Football of the Future

What will football be like in 2040, when artificial intelligence will be a reality and age will no longer have any significance?

What will football be like in 2040, when artificial intelligence will be a reality and age will no longer have any significance?

Historically speaking, technology has always had a big impact on sports. From the introduction of Hawk-Eye in tennis, to the invention of the titanium driver in golf, science has brought about a series of significant improvements in the world of sport, which have sometimes become the root of radical changes. In the transition towards a future where everything will be technologically driven, there’s a possibility that the sport itself might become altogether obsolete. Moneyball and goal line technology serve as recent examples of modernisation, but overall sport has been extremely cautious in accepting change. Some technologies have of course represented progress in the world of football, but how will we react when faced with the possibility of hybrid humans, improved through biomedical engineering? Will sport survive the wave of ageless athletes?

You’ll probably be thinking of Highlander, and that this idea of future indestructible footballer doesn’t convince you. But the sci-fi dream of the 80’s is quickly turning into reality in the 21st century. Day after day he concept of eternity is becoming a clearer and more distinct possibility, at least in the opinion of English gerontologist Aubrey De Grey. In recent years De Grey has earned the status of guru in the field, for successfully predicting developments in the study of prolongation of human life expectancy. Leading the SENS Research Foundation, some of his recent discoveries are so groundbreaking they make the prospect of putting hair back on Alan Shearer’s head perfectly plausible. With the aim of making death due to aging a thing of the past, De Grey and his team have studied and implemented a series of procedures designed to prevent age related diseases like Parkinson’s. A lot of their work acts at a cellular level, preventing issues like the mutation of mitochondria.

Mitochondria are components within our cells, and they are responsible for the production of energy.  Mutated mitochondria are far more common in elderly individuals, and when mutated, the production of energy becomes inhibited, which is one of the main causes of ageing.
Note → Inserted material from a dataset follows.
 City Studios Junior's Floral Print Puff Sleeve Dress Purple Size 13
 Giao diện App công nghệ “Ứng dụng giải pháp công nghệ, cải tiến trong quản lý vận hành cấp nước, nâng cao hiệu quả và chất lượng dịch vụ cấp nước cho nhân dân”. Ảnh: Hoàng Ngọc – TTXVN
In short, De Grey’s method targets in replacing cells that fail to replace themselves. De Grey’s theories could come to fruition within the next few years, with massive repercussions on our lives. Experiments have already achieved consistent extension of lab rodent’s lives by 30%. According to De Grey, this means that the first person to live to a million years might already be alive today. Imagine your favourite footballer living on to eternity, playing on pitches that change in shape but are always stepped on by the same athletes.

Naturally, the risk is that should these therapies really work and become effective in 50 years, they will probably only be available to the more wealthy part of the population. And if the value of the Premier League continues to grow at the current rate, Norwich City FC might soon have a similar value to some of Europe’s major countries. Imagine super wealthy football clubs owned by oligarchs looking to invest in immortality rather than big money transfers: they would pick a player and make him last forever. Imagine Messi at the peak of his game for several decades, or Dybala forever beautiful and baby-faced, with perfect evergreen mitochondria. Top players always in top form, able to dribble on and on forever, gaining more and more experience as they go and hence also becoming better players, but never ageing. Of course, there would also be the mediocre players, and the media would complain about the lack of young talent emerging from youth teams. But how can that matter when everyone is always young!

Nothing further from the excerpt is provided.